Topic: News,
Influence, and the Evolution of Prices in Financial Markets
Speaker: Gideon Saar, Professor of Finance, Samuel
Curtis Johnson Graduate School of Management, Cornell University
Date: April 17th (Fri.)
Time: 2:00-3:30pm
Location: Building 4, Room 101
Language: English
Abstract:
Opinions by experts
and media pundits that are widely disseminated in various media forms (both
traditional outlets and online venues) constitute a major source of influence
on investors. While a published view could be more accurate than the view of a
typical investor, its influence displaces many independent views and hence has
the potential to introduce a shared error. Our objective is to study the influence
of published views on the evolution of prices by constructing a theoretical
model and using empirical work to test and calibrate the model. Our
probabilistic trading model demonstrates how the influence of published views
creates patterns in prices and volume. Still, a “wisdom of the crowds” effect
emerges endogenously in our framework and helps expunge such shared errors from
the price. We use the timing of earnings announcements to test our model, and find
evidence consistent with the theoretical predictions. The magnitude of the
empirical effects is then used to calibrate the model, and our calibration
exercise suggests that while the published opinion has only a modest degree of
influence, its exact accuracy matters somewhat less than the extent of its influence.
About the speaker:
Gideon Saar is Professor of Finance
at Samuel
Curtis Johnson Graduate School of Management, Cornell University.

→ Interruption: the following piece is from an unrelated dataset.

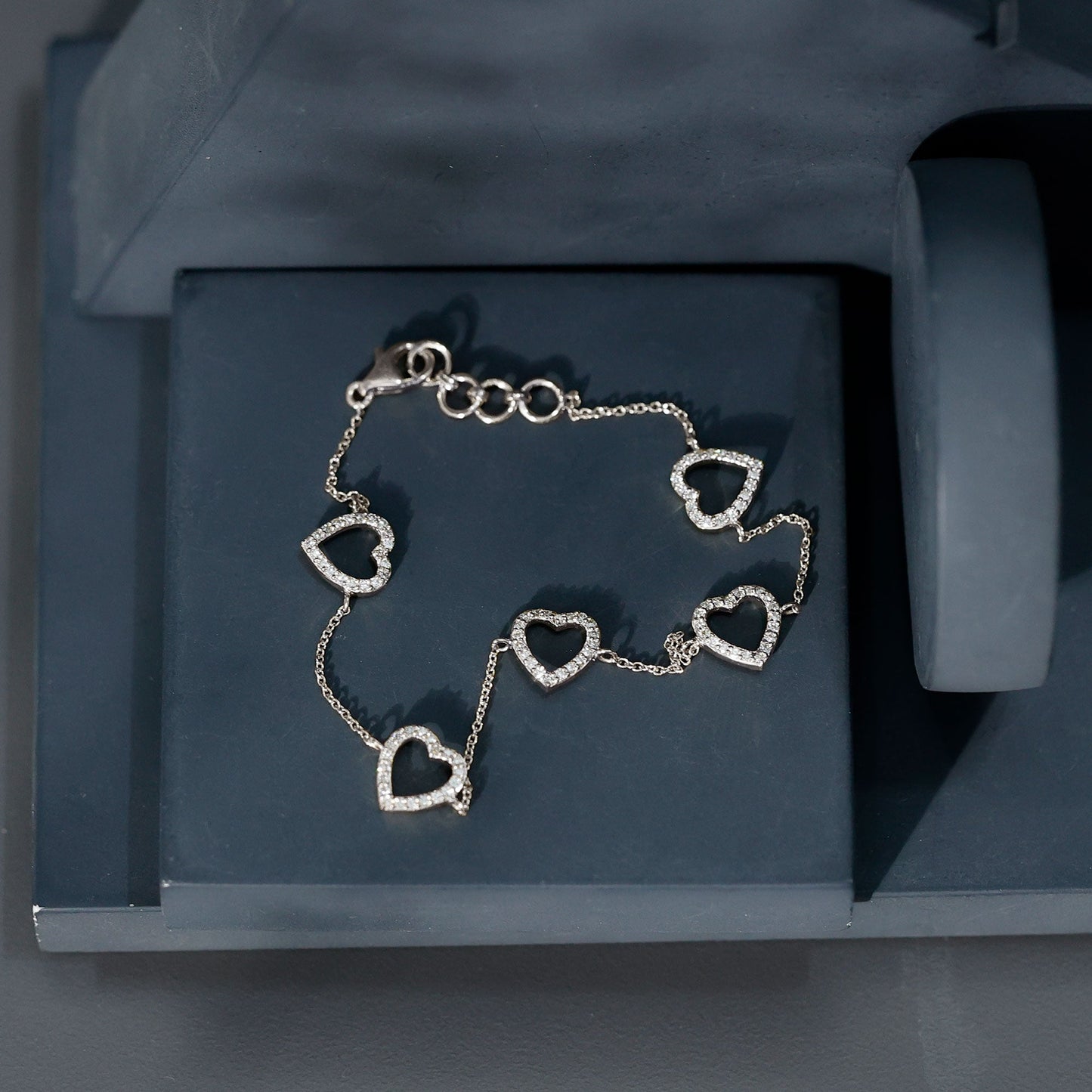 Certified Diamond Heart Chain Bracelet in Prong Setting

Professor Saar received a B.B.A. in Finance from CUNY in 1994, and a M.A. and a
Ph.D. in Finance from Cornell University. Prior to joining the Samuel Curtis Johnson faculty, he was an
Assistant Professor of Finance at the Stern School of Business, New
York University (2000-2005). His papers have appeared in Journal
of Finance, Review of Financial Studies, and Journal of
Financial Markets and other leading finance journals.